In summary, while $\sigma(S_2)$ is a subset of $\mathcal{F}_2$, it encapsulates only the information relevant to determining the value of $S_2$. This is why $S_2$ is said to be $\mathcal{F}_2$-measurable.

---

## **Adapted Stochastic Process**
A **stochastic process** $X(t)$ is adapted to a filtration $\{\mathcal{F}(t)\}$ if:
$$
X(t) \text{ is } \mathcal{F}(t)\text{-measurable for all } t \in [0, T].
$$

This means $X(t)$ depends only on the information available up to time $t$.



---

## Independence in Random Variables

When a random variable is **measurable** with respect to a σ-algebra $\mathcal{G}$, the information contained in $\mathcal{G}$ is sufficient to determine the value of the random variable. At the other extreme, when a random variable is **independent** of a σ-algebra, the information contained in the σ-algebra provides no clue about the value of the random variable. 

### Independence of Sets
Let $(\Omega, \mathcal{F}, P)$ be a probability space. Two sets $A$ and $B$ in $\mathcal{F}$ are **independent** if:
$$
P(A \cap B) = P(A) \cdot P(B).
$$

**Example:**
In $\Omega = \{HH, HT, TH, TT\}$, with $P(HH) = p^2$, $P(HT) = pq$, $P(TH) = pq$, and $P(TT) = q^2$, consider the sets:
- $A = \{\text{head on the first toss}\} = \{HH, HT\}$
- $B = \{\text{head on the second toss}\} = \{HH, TH\}$

We check independence:
$$
P(A \cap B) = P(HH) = p^2, \quad P(A) = p^2 + pq, \quad P(B) = p^2 + pq.
$$
$$
P(A) \cdot P(B) = (p^2 + pq)(p^2 + pq) = p^2.
$$
Thus, $A$ and $B$ are independent.

### Independence of Random Variables
Let $X$ and $Y$ be random variables on $(\Omega, \mathcal{F}, P)$. They are **independent** if the σ-algebras they generate, $\sigma(X)$ and $\sigma(Y)$, are independent. Formally:
$$
P\{X \in C, Y \in D\} = P\{X \in C\} \cdot P\{Y \in D\},
$$
for all Borel sets $C, D \subseteq \mathbb{R}$.

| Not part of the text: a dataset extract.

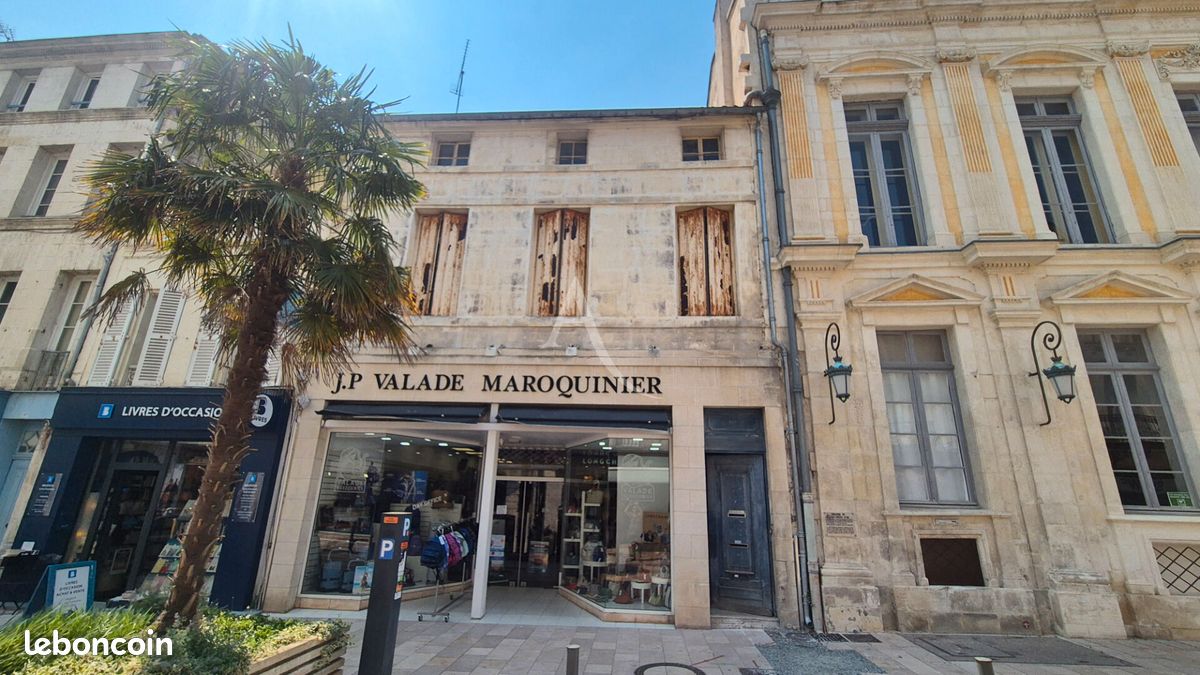 Appartement 3 pièces 100 m² · à Rochefort · 100 m² · 225 750 €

#### Example: Dependent Random Variables
Consider three independent coin tosses:
- $\Omega = \{HHH, HHT, HTH, HTT, THH, THT, TTH, TTT\}$.
- Define random variables:
  - $S_2$: Sum of the first two tosses.
  - $S_3$: Outcome of the third toss.

If $P(H) = p$ and $P(T) = q$, the probabilities are:
$$
P(HHH) = p^3, \quad P(HHT) = p^2q, \quad P(TTT) = q^3, \quad \text{etc.}
$$
The random variables $S_2$ and $S_3$ are **not independent** because knowing $S_2 = 16$ restricts $S_3$ to $8$ or $32$ (not all possible values). Formally:
$$
P\{S_2 = 16 \cap S_3 = 32\} = P\{HHH\} = p^3,
$$
but:
$$
P\{S_2 = 16\} \cdot P\{S_3 = 32\} = p^2 \cdot p^3 = p^5.
$$
Thus, $P\{S_2 = 16 \cap S_3 = 32\} \neq P\{S_2 = 16\} \cdot P\{S_3 = 32\}$, and $S_2$ and $S_3$ are dependent.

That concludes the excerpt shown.